Through a digital analysis of correspondence from travelers on the famed European “Grand Tour,” classicist Giovanna Ceserani is discovering how international travel fostered cultural and academic trends in the 18th century.
In the network view of travelers with recorded trips to Rome from the ‘Dictionary of British and Irish Travelers to Italy, 1701-1800,’ connections between individuals are based on whether there exists a record of correspondence (orange) or other relationship (blue). In this close-up view, architect Robert Adam is highlighted.
We live in a world of networks, of nonstop messaging and degrees of separation. So did intellectuals of the early modern age, according to new research at Stanford.
During the 18th century, thousands of letters, often on academic subjects like mathematics, were exchanged between scholars across Europe. Wealthy aristocrats and their tutors penned many of those letters when they were on the famed “Grand Tour” of ancient sites in Europe.
A pioneering digital visualization project has allowed Giovanna Ceserani, an associate professor of classics, to map the routes of thousands of British and Irish elite travelers who went to Italy in the heyday of the Grand Tour.
Ceserani’s digital humanities project, the Grand Tour Travelers, has uncovered unexpectedly close connections between intellectuals, illuminated the rise and fall of cities, and occasionally offered warnings about how visualization can sometimes prove misleading.
Analysis of digital interpretations of the records of over 6,000 travelers from the British Isles illustrate just how small the elite world of tourists in this period was, as well as how, “irrespective of profession and social status, travel abroad seems to have lowered social boundaries and enabled otherwise unlikely connections,” Ceserani said.
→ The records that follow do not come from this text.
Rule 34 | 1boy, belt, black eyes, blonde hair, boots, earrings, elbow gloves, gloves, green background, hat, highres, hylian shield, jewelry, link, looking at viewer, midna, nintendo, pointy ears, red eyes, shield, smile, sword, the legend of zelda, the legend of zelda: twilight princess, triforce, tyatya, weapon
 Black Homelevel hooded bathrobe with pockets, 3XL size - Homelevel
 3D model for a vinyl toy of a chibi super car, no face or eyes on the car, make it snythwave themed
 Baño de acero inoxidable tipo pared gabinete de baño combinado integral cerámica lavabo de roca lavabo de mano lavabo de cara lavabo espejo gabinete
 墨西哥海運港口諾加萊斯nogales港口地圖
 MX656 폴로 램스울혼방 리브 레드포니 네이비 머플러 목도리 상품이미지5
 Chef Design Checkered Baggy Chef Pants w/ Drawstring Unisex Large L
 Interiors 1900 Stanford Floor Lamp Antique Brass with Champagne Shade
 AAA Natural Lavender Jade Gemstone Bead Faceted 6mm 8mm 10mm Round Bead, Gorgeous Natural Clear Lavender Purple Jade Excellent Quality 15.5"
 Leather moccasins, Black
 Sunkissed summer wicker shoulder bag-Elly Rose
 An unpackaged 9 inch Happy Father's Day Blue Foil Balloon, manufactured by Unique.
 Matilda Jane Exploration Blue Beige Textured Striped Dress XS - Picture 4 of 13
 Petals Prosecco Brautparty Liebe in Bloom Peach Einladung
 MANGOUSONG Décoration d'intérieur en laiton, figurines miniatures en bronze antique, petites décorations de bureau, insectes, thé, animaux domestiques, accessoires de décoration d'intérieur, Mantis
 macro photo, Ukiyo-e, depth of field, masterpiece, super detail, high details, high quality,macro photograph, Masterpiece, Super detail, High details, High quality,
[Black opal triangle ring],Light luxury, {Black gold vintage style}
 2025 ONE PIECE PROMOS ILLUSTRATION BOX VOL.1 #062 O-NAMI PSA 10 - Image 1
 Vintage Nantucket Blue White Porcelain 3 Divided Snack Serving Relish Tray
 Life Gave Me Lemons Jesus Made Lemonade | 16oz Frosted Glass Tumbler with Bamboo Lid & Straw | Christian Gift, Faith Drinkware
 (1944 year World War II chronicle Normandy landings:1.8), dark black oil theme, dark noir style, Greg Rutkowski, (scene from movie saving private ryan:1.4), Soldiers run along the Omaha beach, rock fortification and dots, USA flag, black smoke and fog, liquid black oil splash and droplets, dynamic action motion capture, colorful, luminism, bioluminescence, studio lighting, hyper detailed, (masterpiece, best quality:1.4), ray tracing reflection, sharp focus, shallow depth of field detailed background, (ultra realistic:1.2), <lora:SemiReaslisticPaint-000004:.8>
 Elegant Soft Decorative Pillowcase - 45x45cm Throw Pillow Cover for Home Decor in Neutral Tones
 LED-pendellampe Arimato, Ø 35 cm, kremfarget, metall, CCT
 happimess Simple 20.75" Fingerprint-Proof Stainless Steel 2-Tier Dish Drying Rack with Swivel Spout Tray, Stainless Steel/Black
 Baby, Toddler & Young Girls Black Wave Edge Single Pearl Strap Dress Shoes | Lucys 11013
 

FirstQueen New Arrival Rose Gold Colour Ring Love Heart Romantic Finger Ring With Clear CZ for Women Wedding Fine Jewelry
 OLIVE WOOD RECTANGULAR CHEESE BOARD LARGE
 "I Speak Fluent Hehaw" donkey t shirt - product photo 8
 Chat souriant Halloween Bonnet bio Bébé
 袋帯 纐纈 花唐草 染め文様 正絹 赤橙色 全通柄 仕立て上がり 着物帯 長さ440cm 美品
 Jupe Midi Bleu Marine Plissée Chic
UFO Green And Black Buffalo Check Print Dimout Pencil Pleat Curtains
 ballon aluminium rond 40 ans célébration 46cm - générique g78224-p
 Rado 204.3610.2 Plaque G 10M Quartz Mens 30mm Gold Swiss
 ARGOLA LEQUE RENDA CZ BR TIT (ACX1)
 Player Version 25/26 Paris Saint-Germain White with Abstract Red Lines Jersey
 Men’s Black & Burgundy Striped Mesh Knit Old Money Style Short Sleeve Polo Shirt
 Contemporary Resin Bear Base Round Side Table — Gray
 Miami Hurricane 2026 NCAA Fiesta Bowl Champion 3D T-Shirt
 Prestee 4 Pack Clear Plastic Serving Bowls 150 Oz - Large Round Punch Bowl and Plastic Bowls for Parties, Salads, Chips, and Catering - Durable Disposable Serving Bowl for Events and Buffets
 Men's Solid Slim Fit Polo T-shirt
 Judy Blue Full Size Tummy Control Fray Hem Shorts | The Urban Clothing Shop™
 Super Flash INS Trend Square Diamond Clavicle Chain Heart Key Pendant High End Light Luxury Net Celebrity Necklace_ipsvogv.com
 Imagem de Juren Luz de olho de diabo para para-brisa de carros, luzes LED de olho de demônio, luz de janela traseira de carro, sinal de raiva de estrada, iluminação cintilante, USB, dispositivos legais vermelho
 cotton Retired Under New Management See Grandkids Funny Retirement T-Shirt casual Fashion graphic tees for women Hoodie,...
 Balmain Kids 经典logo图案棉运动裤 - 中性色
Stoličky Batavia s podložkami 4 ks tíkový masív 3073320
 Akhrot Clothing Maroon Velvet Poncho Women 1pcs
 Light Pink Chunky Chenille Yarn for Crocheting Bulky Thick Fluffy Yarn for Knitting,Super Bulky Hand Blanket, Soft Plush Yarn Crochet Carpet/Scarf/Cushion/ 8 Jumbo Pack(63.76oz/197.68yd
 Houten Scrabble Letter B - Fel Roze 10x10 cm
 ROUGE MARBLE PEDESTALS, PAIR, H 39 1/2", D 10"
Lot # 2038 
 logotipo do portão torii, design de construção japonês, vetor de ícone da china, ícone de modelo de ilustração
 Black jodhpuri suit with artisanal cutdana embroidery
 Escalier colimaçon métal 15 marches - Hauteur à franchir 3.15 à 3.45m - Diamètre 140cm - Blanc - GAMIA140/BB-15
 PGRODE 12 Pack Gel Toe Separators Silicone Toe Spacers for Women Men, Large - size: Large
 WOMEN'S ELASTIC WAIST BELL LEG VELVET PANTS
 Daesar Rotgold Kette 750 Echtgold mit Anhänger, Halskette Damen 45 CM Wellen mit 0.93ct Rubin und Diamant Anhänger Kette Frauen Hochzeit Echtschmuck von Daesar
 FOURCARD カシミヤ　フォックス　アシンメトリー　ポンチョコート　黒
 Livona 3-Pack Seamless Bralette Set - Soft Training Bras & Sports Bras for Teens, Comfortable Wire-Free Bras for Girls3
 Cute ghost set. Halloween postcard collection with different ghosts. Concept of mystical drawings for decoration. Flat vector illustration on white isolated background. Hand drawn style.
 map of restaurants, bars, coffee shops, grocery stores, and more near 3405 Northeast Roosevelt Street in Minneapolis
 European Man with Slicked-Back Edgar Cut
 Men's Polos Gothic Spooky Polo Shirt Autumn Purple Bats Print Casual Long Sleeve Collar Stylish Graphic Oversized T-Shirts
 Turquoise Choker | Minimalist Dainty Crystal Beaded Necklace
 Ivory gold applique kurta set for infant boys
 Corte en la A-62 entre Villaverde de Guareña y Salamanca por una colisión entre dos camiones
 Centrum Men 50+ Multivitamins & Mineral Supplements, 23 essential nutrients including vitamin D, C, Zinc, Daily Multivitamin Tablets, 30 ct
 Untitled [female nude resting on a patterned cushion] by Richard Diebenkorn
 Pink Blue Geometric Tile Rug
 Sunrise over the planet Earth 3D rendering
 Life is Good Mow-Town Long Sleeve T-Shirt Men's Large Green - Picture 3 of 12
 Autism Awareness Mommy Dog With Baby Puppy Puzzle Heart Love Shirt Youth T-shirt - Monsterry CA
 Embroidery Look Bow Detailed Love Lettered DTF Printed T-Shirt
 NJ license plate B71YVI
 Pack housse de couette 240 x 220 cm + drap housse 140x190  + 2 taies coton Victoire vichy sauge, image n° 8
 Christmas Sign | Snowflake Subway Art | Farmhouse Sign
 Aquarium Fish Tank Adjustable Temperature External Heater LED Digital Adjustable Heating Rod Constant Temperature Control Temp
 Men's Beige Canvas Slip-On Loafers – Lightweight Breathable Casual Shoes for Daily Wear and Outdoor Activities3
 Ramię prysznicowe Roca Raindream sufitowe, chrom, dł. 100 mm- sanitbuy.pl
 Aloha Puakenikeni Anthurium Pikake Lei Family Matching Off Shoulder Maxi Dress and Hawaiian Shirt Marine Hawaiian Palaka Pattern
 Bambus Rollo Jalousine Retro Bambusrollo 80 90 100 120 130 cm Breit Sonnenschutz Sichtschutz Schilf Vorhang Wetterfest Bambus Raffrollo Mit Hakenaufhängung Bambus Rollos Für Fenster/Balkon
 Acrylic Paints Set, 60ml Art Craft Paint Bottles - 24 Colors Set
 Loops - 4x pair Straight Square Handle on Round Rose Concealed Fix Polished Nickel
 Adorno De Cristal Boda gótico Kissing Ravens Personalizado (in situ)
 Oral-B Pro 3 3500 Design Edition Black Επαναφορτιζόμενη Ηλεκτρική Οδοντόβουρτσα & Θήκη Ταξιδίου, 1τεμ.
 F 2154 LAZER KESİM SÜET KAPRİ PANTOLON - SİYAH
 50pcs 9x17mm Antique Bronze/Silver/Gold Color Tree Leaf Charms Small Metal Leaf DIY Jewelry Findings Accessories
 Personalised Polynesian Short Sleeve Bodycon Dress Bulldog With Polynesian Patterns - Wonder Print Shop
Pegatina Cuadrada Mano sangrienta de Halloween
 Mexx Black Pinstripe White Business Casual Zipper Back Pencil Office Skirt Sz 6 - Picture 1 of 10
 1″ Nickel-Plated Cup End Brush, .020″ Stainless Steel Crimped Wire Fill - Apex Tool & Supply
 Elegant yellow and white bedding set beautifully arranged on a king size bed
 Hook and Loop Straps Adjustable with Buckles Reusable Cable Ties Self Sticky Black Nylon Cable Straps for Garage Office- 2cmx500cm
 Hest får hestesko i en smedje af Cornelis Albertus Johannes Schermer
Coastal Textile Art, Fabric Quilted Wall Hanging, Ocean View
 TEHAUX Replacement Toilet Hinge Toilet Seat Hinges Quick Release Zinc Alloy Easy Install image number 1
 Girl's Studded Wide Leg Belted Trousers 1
The project began with the encoding of a digitized version of the Dictionary of British and Irish Travelers to Italy, 1701-1800, generously supplied by the Paul Mellon Centre in London. For each traveler, Ceserani and her team recorded the sites they visited, the dates of their visits and their birthplace and year, as well as their area of expertise, educational background and social status, among other variables.
A scholar with an interest in how classical sites in Italy influenced broader European culture, Ceserani wanted to trace “the actual movements of scholars, of travelers,” as they undertook journeys across Europe, often coming into contact with other travelers as they did so.